=== Section Start ===

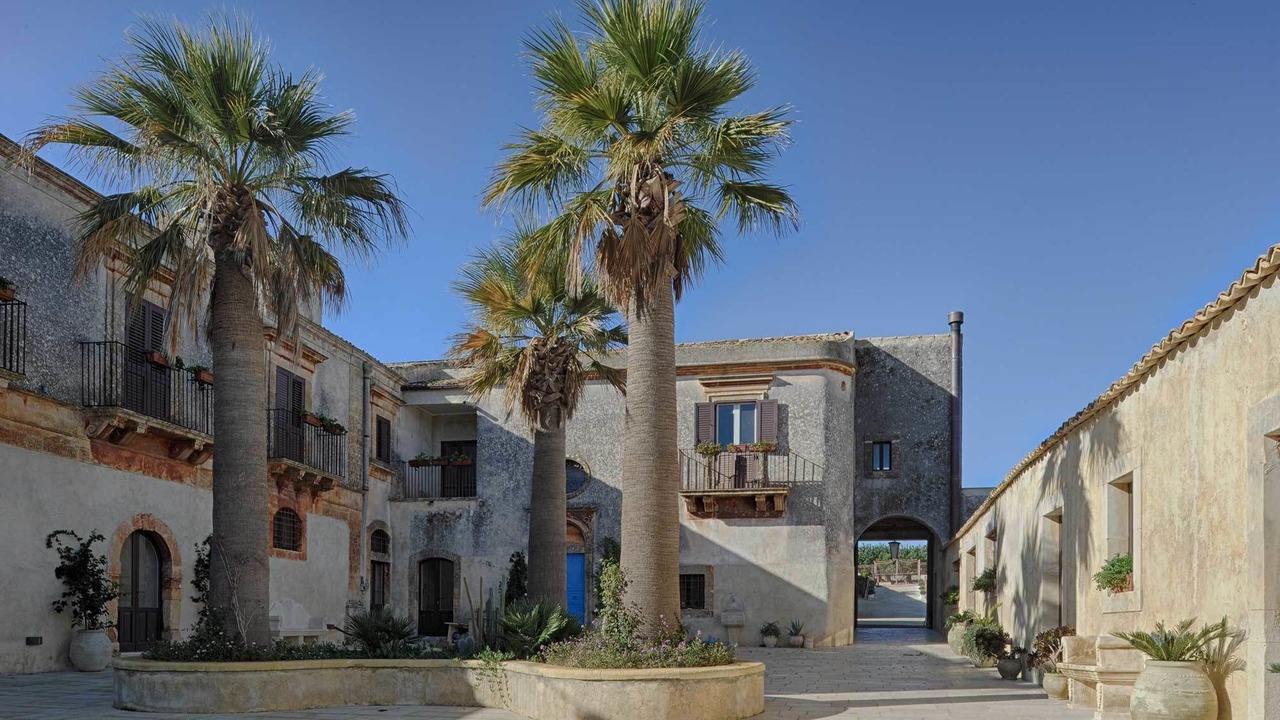Photo of Outdoor in Palazzolo Acreide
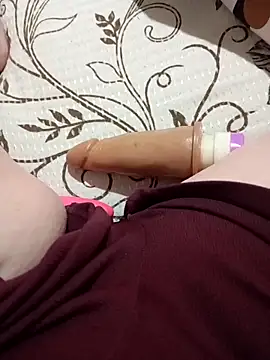 Taradinha pelosogro online show from 10/27/25, 12:31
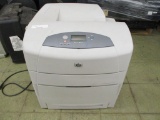 HP Color LaserJet Printer 5500n.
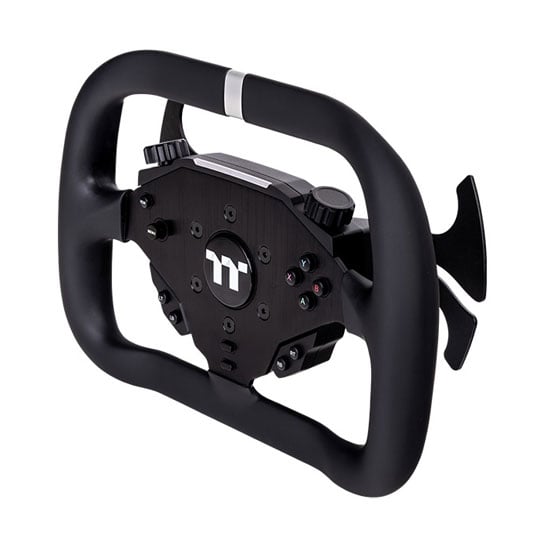 Thermaltake F100 Formula Steering Wheel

=== Section End ===

### [Work required]
Only the lines from the one with "HP Color LaserJet Printer 5500n." to the last line of the listing, inclusive, are to be set down, exactly as they stand and without pictures.

### [Result for this exercise]
 HP Color LaserJet Printer 5500n.
 Thermaltake F100 Formula Steering Wheel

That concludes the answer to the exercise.